§ WHAT IS NEEDED: Would you retype the records below exactly as they appear?

[Stored items]
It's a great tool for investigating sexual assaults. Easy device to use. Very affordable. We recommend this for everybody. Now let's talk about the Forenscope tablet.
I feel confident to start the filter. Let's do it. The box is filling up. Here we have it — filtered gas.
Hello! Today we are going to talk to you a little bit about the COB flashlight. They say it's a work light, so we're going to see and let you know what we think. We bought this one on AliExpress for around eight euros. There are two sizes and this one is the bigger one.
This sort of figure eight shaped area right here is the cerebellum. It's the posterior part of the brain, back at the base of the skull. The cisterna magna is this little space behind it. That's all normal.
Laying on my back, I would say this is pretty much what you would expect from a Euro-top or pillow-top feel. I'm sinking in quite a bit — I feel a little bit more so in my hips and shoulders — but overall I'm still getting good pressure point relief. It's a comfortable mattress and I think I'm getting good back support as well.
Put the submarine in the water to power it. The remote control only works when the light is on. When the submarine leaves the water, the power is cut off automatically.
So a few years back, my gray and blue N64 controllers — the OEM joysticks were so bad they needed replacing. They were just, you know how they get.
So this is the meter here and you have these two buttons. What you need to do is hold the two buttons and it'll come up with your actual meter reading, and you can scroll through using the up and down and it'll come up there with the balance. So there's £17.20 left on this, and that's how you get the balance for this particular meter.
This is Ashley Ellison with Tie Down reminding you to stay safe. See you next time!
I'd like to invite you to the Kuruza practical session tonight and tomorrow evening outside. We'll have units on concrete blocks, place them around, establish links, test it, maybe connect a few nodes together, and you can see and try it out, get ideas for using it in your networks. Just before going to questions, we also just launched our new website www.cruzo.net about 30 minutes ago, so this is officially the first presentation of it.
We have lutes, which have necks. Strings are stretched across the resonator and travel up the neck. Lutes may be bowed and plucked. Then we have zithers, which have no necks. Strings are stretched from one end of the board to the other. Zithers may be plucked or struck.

§ SOLVED PROBLEM:
It's a great tool for investigating sexual assaults. Easy device to use. Very affordable. We recommend this for everybody. Now let's talk about the Forenscope tablet.
I feel confident to start the filter. Let's do it. The box is filling up. Here we have it — filtered gas.
Hello! Today we are going to talk to you a little bit about the COB flashlight. They say it's a work light, so we're going to see and let you know what we think. We bought this one on AliExpress for around eight euros. There are two sizes and this one is the bigger one.
This sort of figure eight shaped area right here is the cerebellum. It's the posterior part of the brain, back at the base of the skull. The cisterna magna is this little space behind it. That's all normal.
Laying on my back, I would say this is pretty much what you would expect from a Euro-top or pillow-top feel. I'm sinking in quite a bit — I feel a little bit more so in my hips and shoulders — but overall I'm still getting good pressure point relief. It's a comfortable mattress and I think I'm getting good back support as well.
Put the submarine in the water to power it. The remote control only works when the light is on. When the submarine leaves the water, the power is cut off automatically.
So a few years back, my gray and blue N64 controllers — the OEM joysticks were so bad they needed replacing. They were just, you know how they get.
So this is the meter here and you have these two buttons. What you need to do is hold the two buttons and it'll come up with your actual meter reading, and you can scroll through using the up and down and it'll come up there with the balance. So there's £17.20 left on this, and that's how you get the balance for this particular meter.
This is Ashley Ellison with Tie Down reminding you to stay safe. See you next time!
I'd like to invite you to the Kuruza practical session tonight and tomorrow evening outside. We'll have units on concrete blocks, place them around, establish links, test it, maybe connect a few nodes together, and you can see and try it out, get ideas for using it in your networks. Just before going to questions, we also just launched our new website www.cruzo.net about 30 minutes ago, so this is officially the first presentation of it.
We have lutes, which have necks. Strings are stretched across the resonator and travel up the neck. Lutes may be bowed and plucked. Then we have zithers, which have no necks. Strings are stretched from one end of the board to the other. Zithers may be plucked or struck.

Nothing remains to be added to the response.